意味も目的もわからずに、苦しい事を乗り越えてもまた苦しみがやってくるのに、って。
そんな時に妻や子の顔などはきっと浮かばないよね。
でも自殺が罪深いのは残された家族が大きな悲しみや苦しみを感じるだけではなく、なぜ助けられなかったのかと自分を責めたり亡くなった人の死は自分のせいだと考えたり自分も死にたくなったり様々な心の問題が起きてしまう事だ。

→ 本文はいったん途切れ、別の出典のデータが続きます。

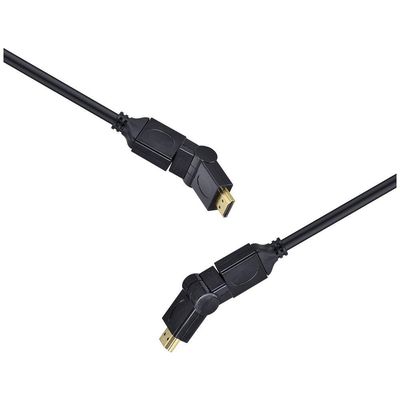 Cabo Hdmi 2.0 4k Ultra Hd 3d Conexao Ethernet Conectores 360o 2 Metros - 29254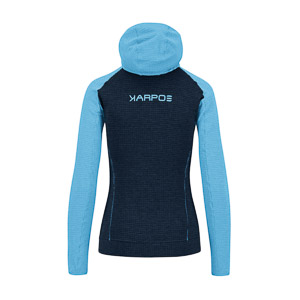 Karpos Ambrizzola W Full-Zip Hoodie Sky Captain/Blue Atoll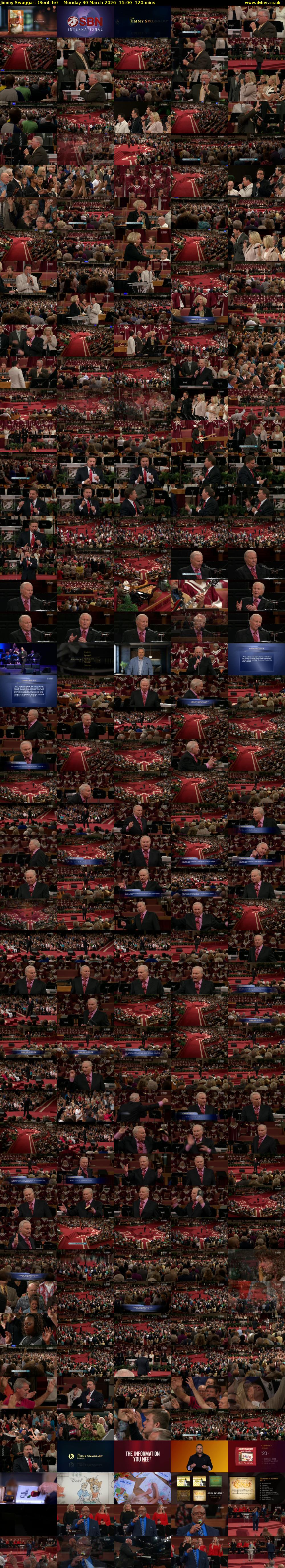 Jimmy Swaggart (SonLife) Monday 30 March 2026 15:00 - 17:00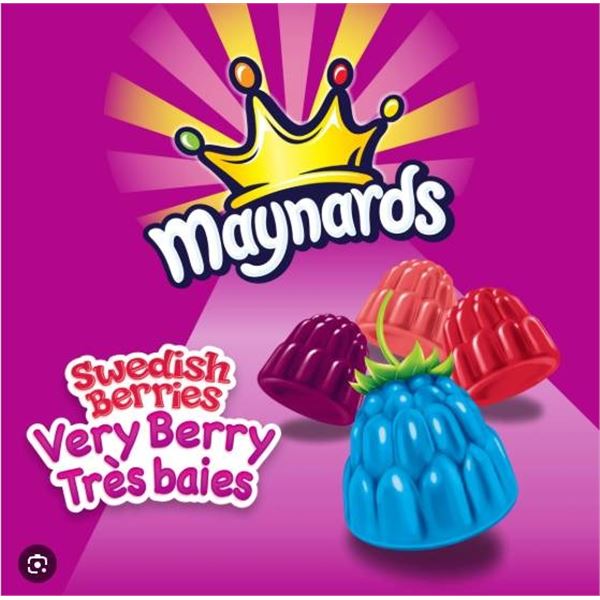 Maynards Swedish Berries Very Berry 154g, Pack of 12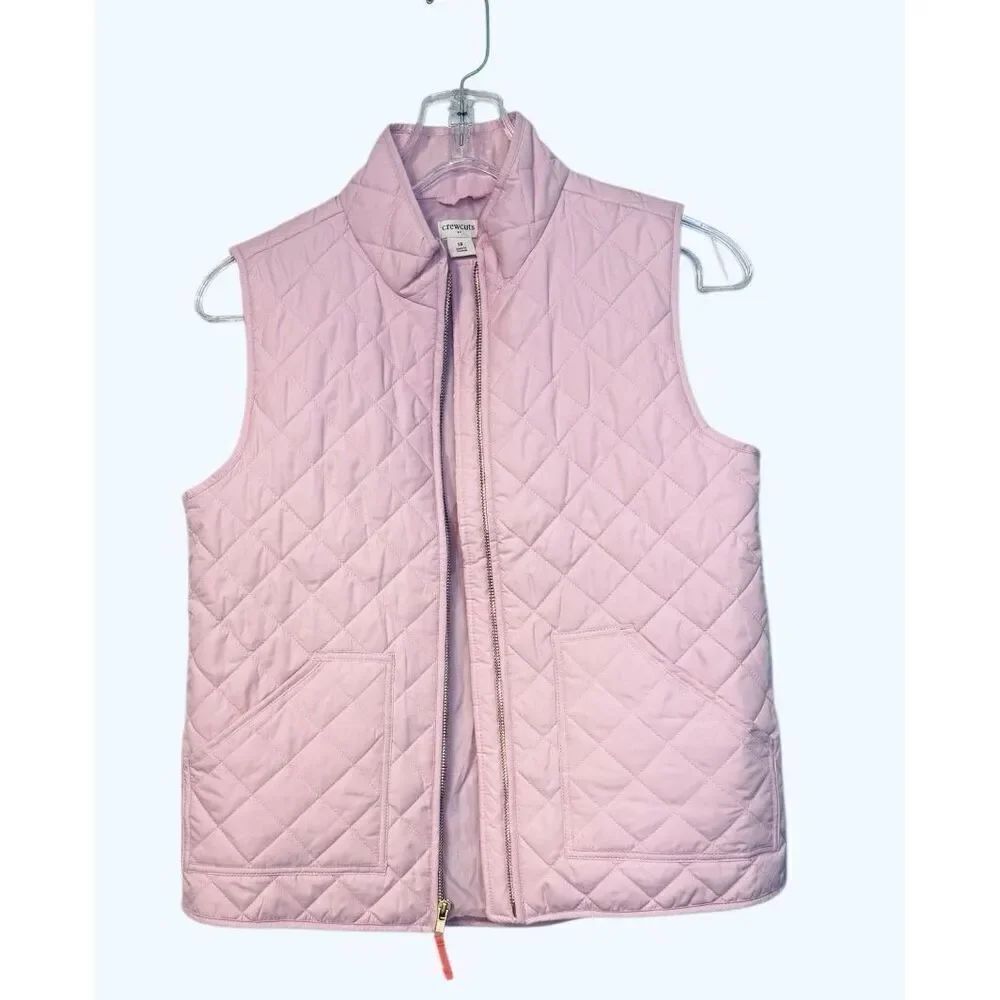 CrewCuts Quilted Vest Full Zip Pink Sz. 12 Lightweight Active Outdoors
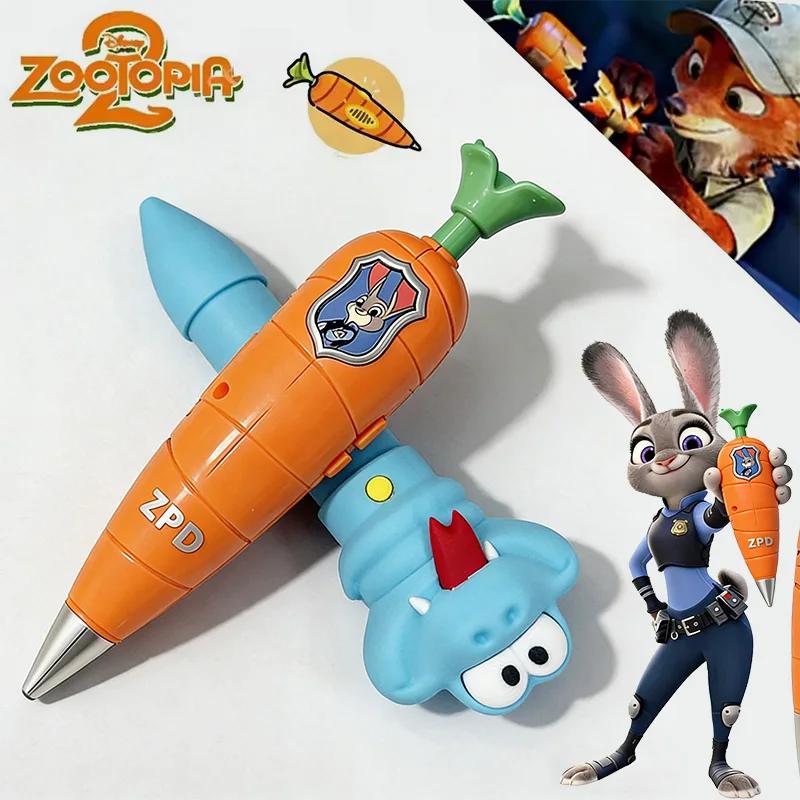    Disney Zootopia tendance Judy en forme de carotte 2-en-1 stylo enregistreur vocal et stylo Gary 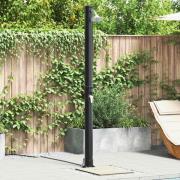 vidaXL Utomhus solardusch Svart 217 cm PVC, aluminium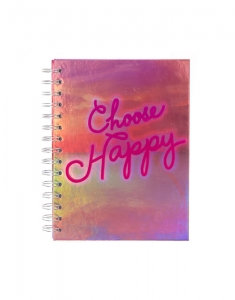 Agenda Claire's Choose Happy Neon Lights Spiral Notebook 18576, 002, bb-shop.ro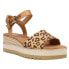 Фото #2 товара TOMS Diana Leopard Platform Wedge Womens Brown Casual Sandals 10017913T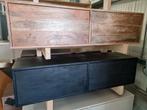 Tv-meubels zwevend mangohout verschillende afmetingen, Ophalen, ., 150 tot 200 cm, .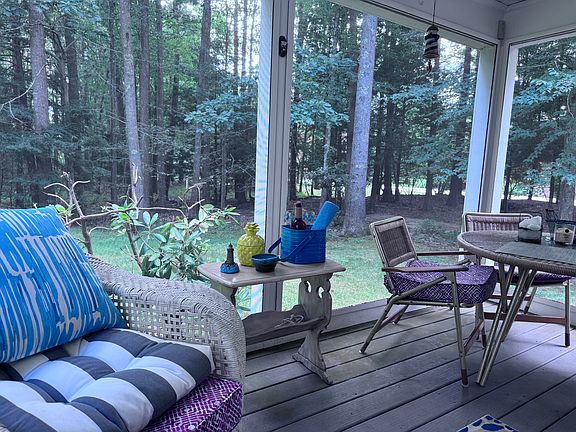 Paradise on the back screened porch.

ゆみ子もまた海岸を行く葬列を見て死へと誘われてしまうのである。
だから自殺はいけませんよ。
自殺はいけません。
ゆみ子はもっと泣けば良かったのだ。
妻や生まれたばかりの子を置いて自殺する男の身勝手さを「バーローふざけんなよ」つって呪って、わあわあ泣いて良かった。
でもゆみ子はホント昭和の女で、自身に起きた不幸を噛みしめるように 本心を見せずいつも静かに耐えている。
そのかたくなさが、奥能登の貧しい漁村に後添えに入ったのになぜかスタイリッシュな江角マキコさんの硬質な感じと意外にもあってた気がする。
江角さん、年金未納問題とか長嶋一茂宅に落書きしたとかよくわからない騒動があって今は引退されたようだがこの作品ではとても素敵だった。